Origins of the global A Promise Renewed (APR) movement

Over the last 50 years, the world has witnessed an extraordinary 70 percent decline in child mortality and a reduction in the number of under-5 deaths from nearly 12 million in 1990 to fewer than 7 million in 2011. There has also been a nearly 50 percent reduction in maternal deaths as the global maternal mortality ratio declined from 400 deaths per 100,000 live births to 210, an annual rate of reduction of 2.3 percent between 1990 and 2010. Despite this progress, significant work lies ahead to end the millions of preventable child and maternal deaths that still occur each year, mostly in the world’s developing countries. Achieving this goal will require increased use of high-impact, affordable interventions, strengthening the health systems that support those interventions, and addressing major equity gaps in maternal, neonatal, and child health, both within and among countries.
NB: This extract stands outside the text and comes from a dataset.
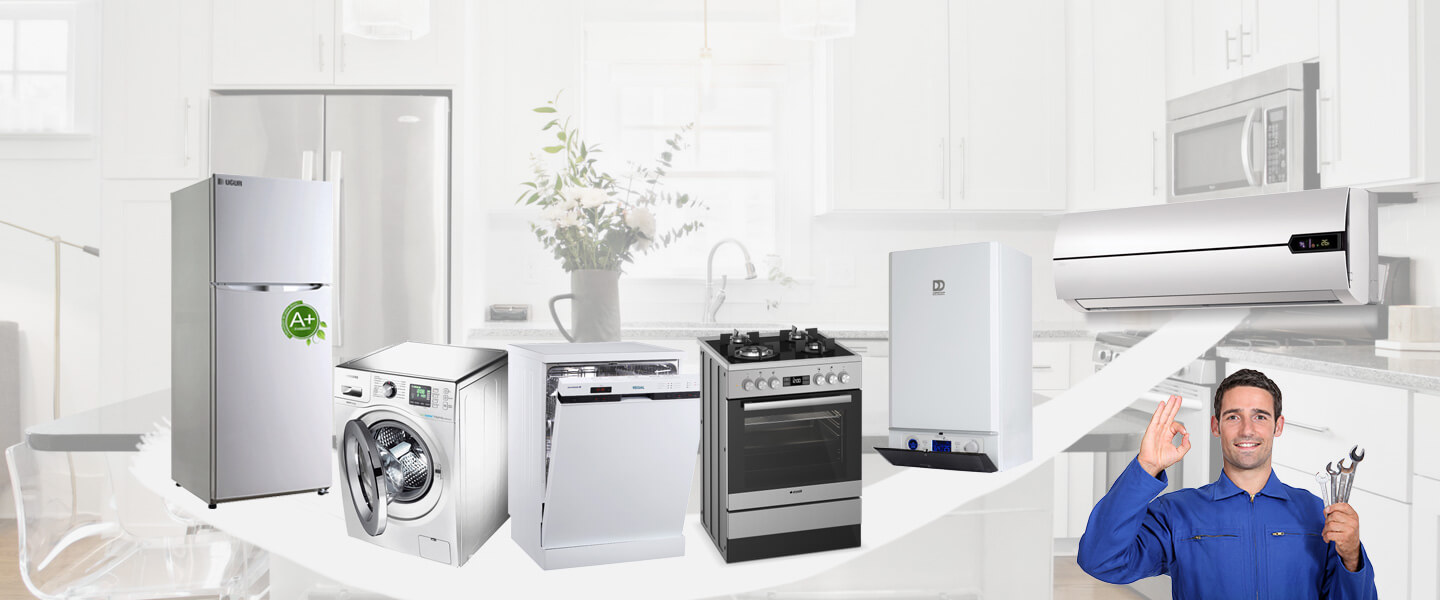 Korgan Grundig Servisi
On 14-15 June 2012, more than 80 governments and partners from civil society, faith-based organizations, and the private sector gathered at the Child Survival Call to Action in Washington, D.C., to launch a re-energized and sustained global effort to end preventable child deaths. This high-level forum was convened by UNICEF and the governments of the United States, Ethiopia, and India because, for the first time in history, we have the knowledge to reach this goal. The new global movement is called “A Promise Renewed” and it encompasses child, maternal, and reproductive health. As of 2 November 2012, 175 governments world-wide, including 32 in Latin America and the Caribbean, have signed the Promise Renewed pledge, and several regional and country-specific conferences have been held to develop country- or region-specific roadmaps to realize these commitments. The APR movement recognizes that improving the health of mothers and children is central for economic and social development; furthermore, ending preventable maternal and child deaths would be a great moral victory.
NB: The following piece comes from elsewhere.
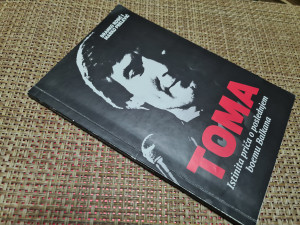 Toma - istinita priča o poslednjem boemu Balkana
A Promise Renewed for the Americas: Focusing on the region’s own challenges and resources

The Region of the Americas has been highly successful in reducing both child and maternal mortality in recent decades, and has contributed an array of successful interventions and approaches to the international understanding of how to effectively reduce deaths and promote health. However, the goals of eliminating preventable child and maternal deaths, and ensuring that all children receive the support they need to thrive, are far from being met in the Region. Indeed, some of the most difficult challenges lie ahead precisely because the most vulnerable children and mothers are often the hardest to reach with quality health care services and with improvements in the underlying socioeconomic determinants of health.

A regional conference for Latin America and the Caribbean was held on 10-12 September 2013 in Panama City, Panama to assess the child and maternal health challenges specific to the Americas and galvanize commitment to address them. It brought together high level representatives from throughout the region to define a way forward for addressing the major child, maternal, and reproductive health inequalities that persist in the Americas. The conference was sponsored by an unprecedented partnership of seven agencies that is committed to reduce these inequities in the region. PAHO/WHO acted as Coordinating Secretariat for this meeting in collaboration with the Government of Panama.

In Latin America and the Caribbean, rapidly diminishing funding from donor agencies makes it especially critical to mobilize the region’s own significant capacity and resources to address long-standing, major disparities in reproductive, maternal, and child health. Top priorities include reduction of maternal and infant mortality in disadvantaged populations, strengthening national routine information systems to monitor effectiveness and target investment, and expanding the political and financial support for these efforts.

The A Promise Renewed for the Americas conference provided a regional forum to celebrate successes, review trends in reproductive, maternal, neonatal, child, and adolescent health in the Region of the Americas, and to identify key interventions and strategic shifts needed to reduce persisting inequalities in health. The meeting helped galvanize regional efforts to accelerate achievement of Millennium Development Goals (MDGs) 4 and 5 by 2015, and contribute to development of the post-MDG development agenda. The meeting also formally linked the Americas to the global “A Promise Renewed” movement to eliminate preventable child and maternal deaths by 2035.